— AVAILABLE DATA —

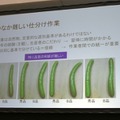 キュウリ自動判別、たこ焼きロボ、クレープなど調理や農業でロボット・AIを使いこなすメイカーたち #MFT2018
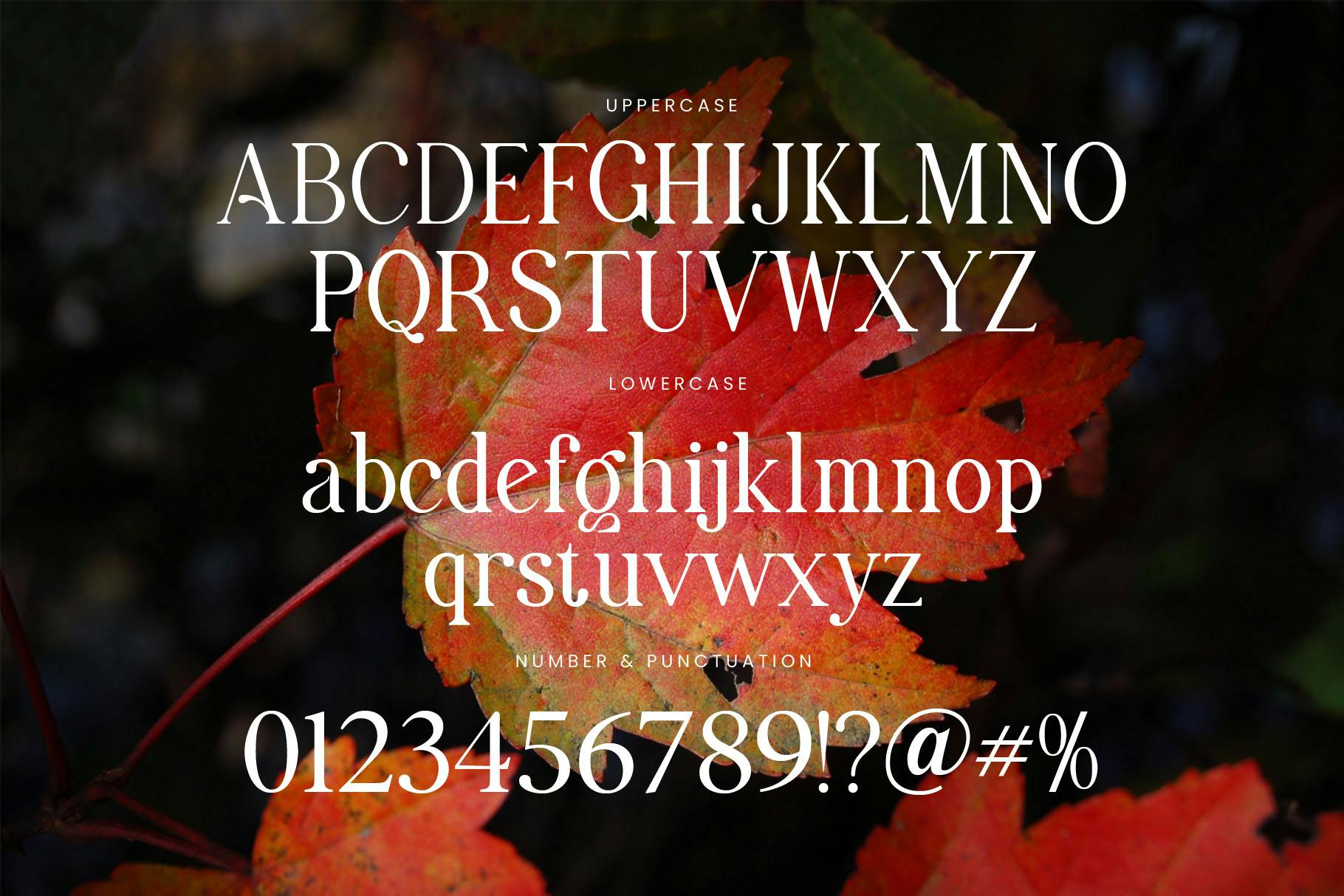 حداکثر فونت Serif Elegant Family Visionary
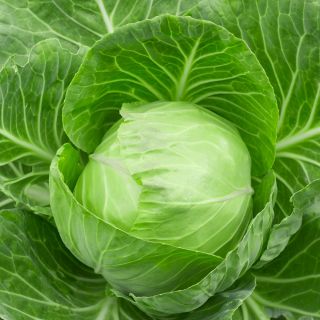 White cabbage "Fantasy" - for cultivation outdoors and under protective covers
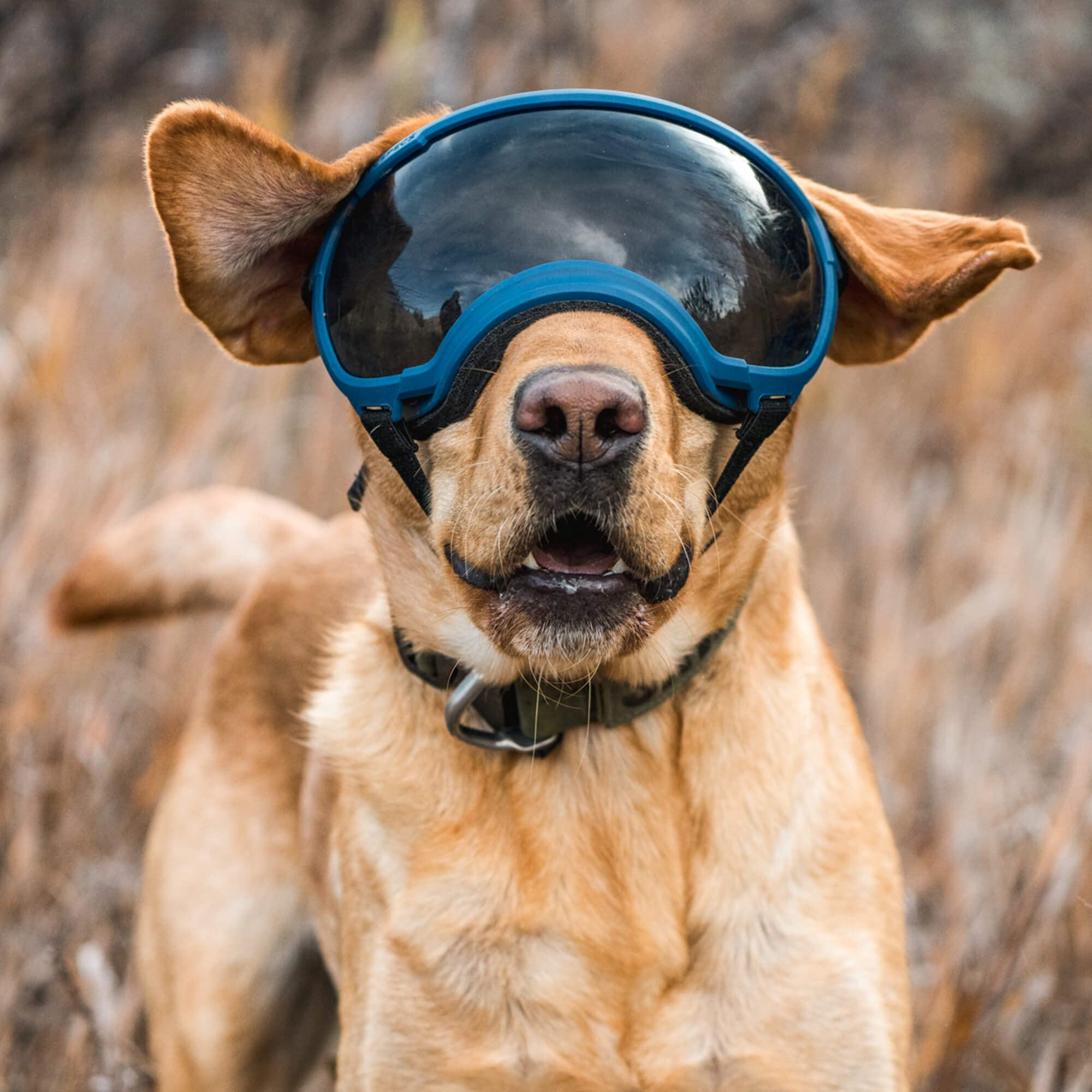 Rex Specs V2 Dog Goggles - Large Size, Black - Protective Eyewear for Active Dogs - Perfect for Hiking, Running & Outdoor Adventures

— ASSIGNMENT —
Leave out the pictures and set down all of the data exactly.

— WRITTEN RESPONSE —
 キュウリ自動判別、たこ焼きロボ、クレープなど調理や農業でロボット・AIを使いこなすメイカーたち #MFT2018
 حداکثر فونت Serif Elegant Family Visionary
 White cabbage "Fantasy" - for cultivation outdoors and under protective covers
 Rex Specs V2 Dog Goggles - Large Size, Black - Protective Eyewear for Active Dogs - Perfect for Hiking, Running & Outdoor Adventures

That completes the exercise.